PROBLEM: Leave out the images; return the rest of the data exactly.

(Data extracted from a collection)

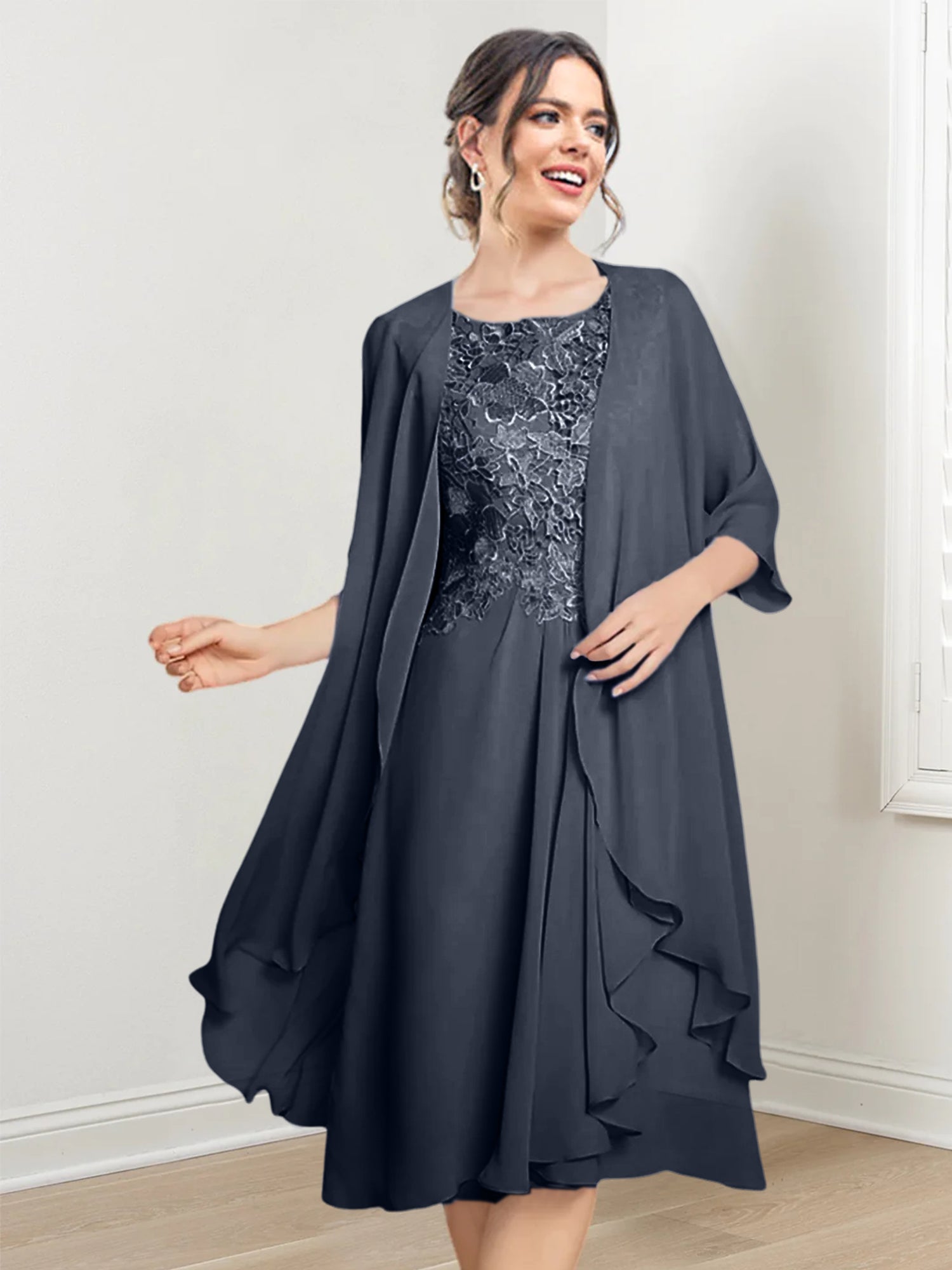 Vestidos de madre de la novia de corte A/princesa con escote redondo y largo hasta la rodilla 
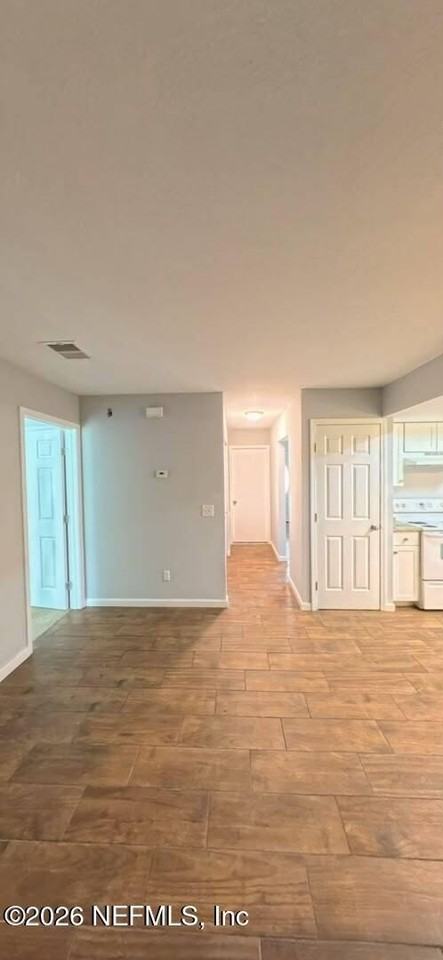 1294 Bee St N - Photo 7 of 28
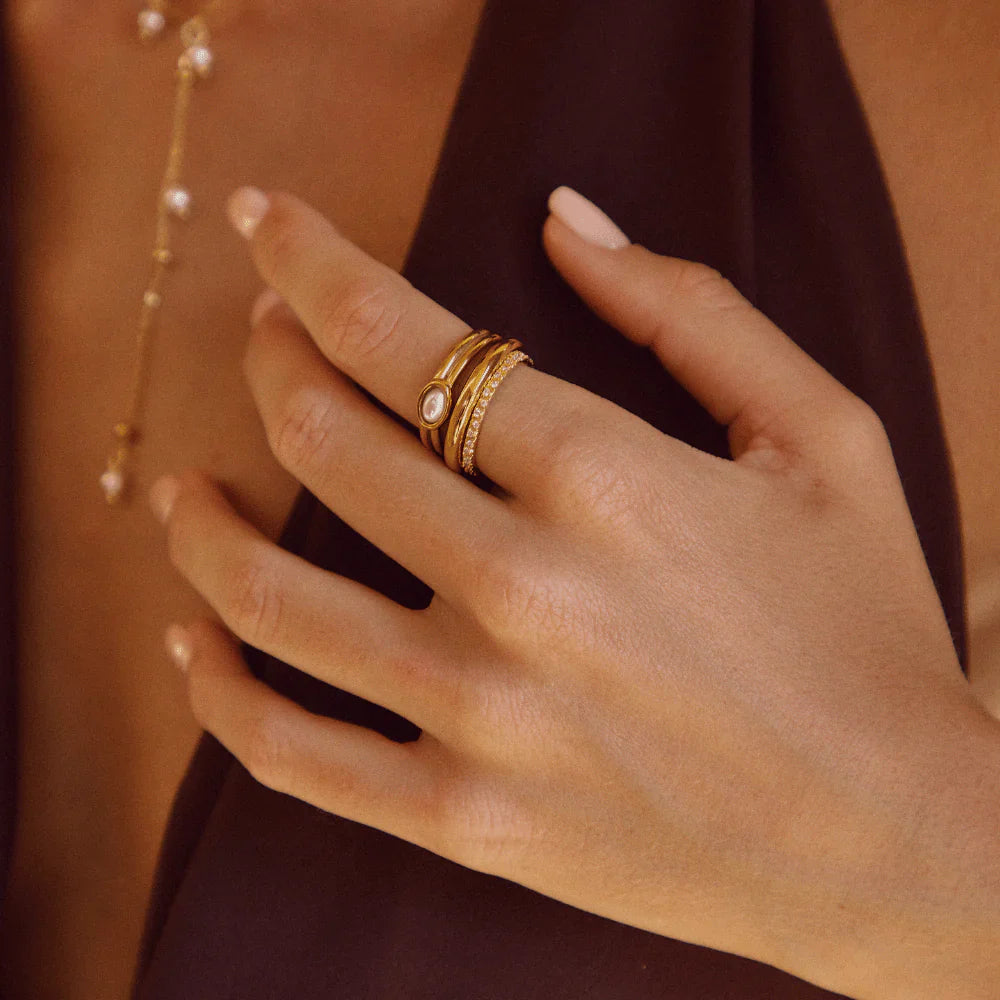 Vioraia Chunky Pearl 18K Gold Ring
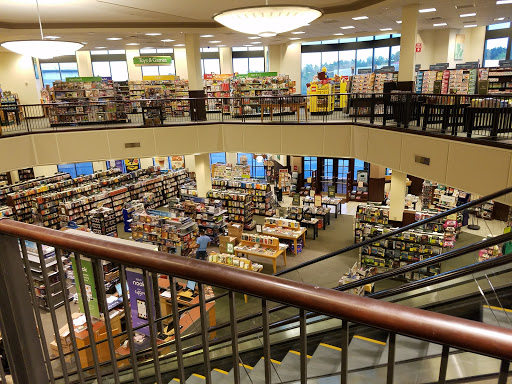 Book Store «Barnes & Noble», reviews and photos, 5959 Triangle Town Blvd, Raleigh, NC 27616, USA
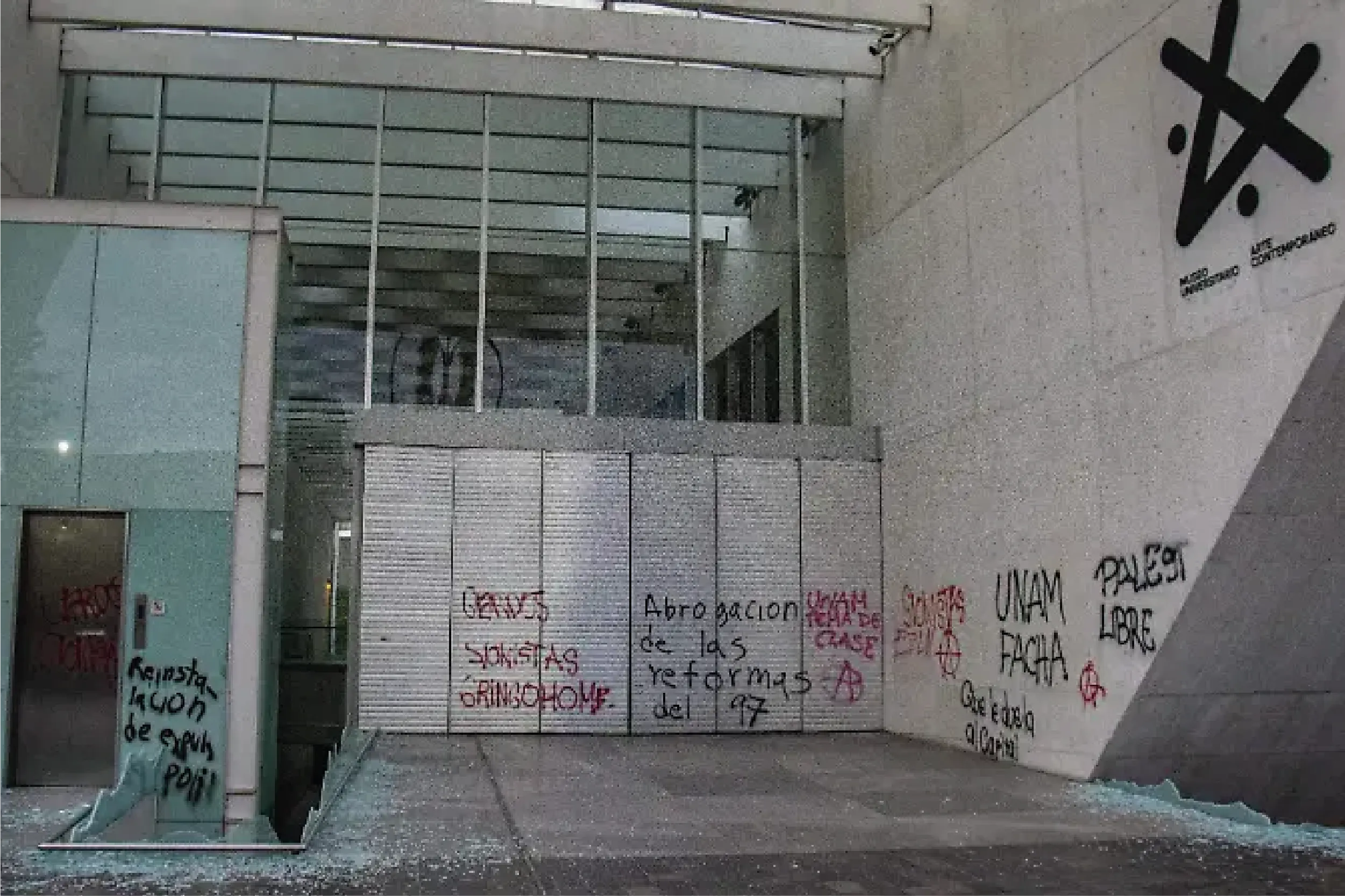 El MUAC resultó con ventanales rotos y grafitis tras la marcha contra la gentrificación del 20 de julio.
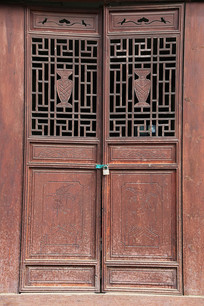 ����ο�ľ����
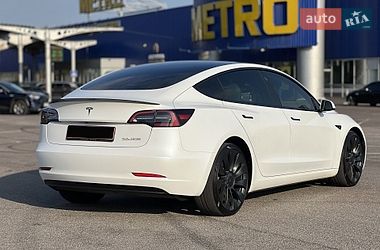 Седан Tesla Model 3 2022 в Ровно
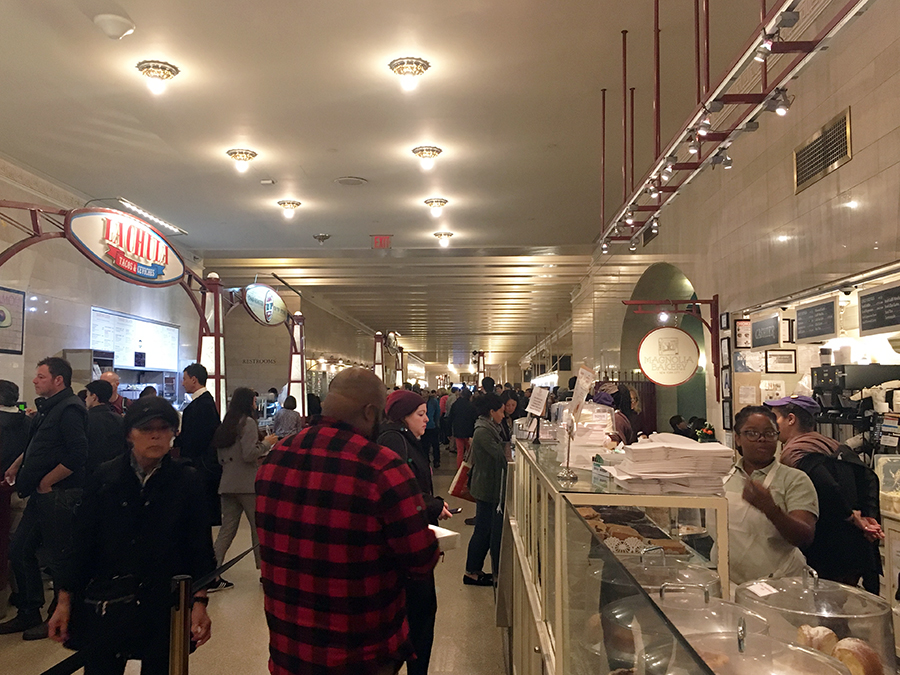 Geschäftiges Treiben hier unten in der Food Hall, ein Delikatessen-Geschäft neben dem anderen, aber auch Fast Food Stände sind vertreten.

SOLUTION FOR THIS TASK:
 Vestidos de madre de la novia de corte A/princesa con escote redondo y largo hasta la rodilla 
 1294 Bee St N - Photo 7 of 28
 Vioraia Chunky Pearl 18K Gold Ring
 Book Store «Barnes & Noble», reviews and photos, 5959 Triangle Town Blvd, Raleigh, NC 27616, USA
 El MUAC resultó con ventanales rotos y grafitis tras la marcha contra la gentrificación del 20 de julio.
 ����ο�ľ����
 Седан Tesla Model 3 2022 в Ровно
 Geschäftiges Treiben hier unten in der Food Hall, ein Delikatessen-Geschäft neben dem anderen, aber auch Fast Food Stände sind vertreten.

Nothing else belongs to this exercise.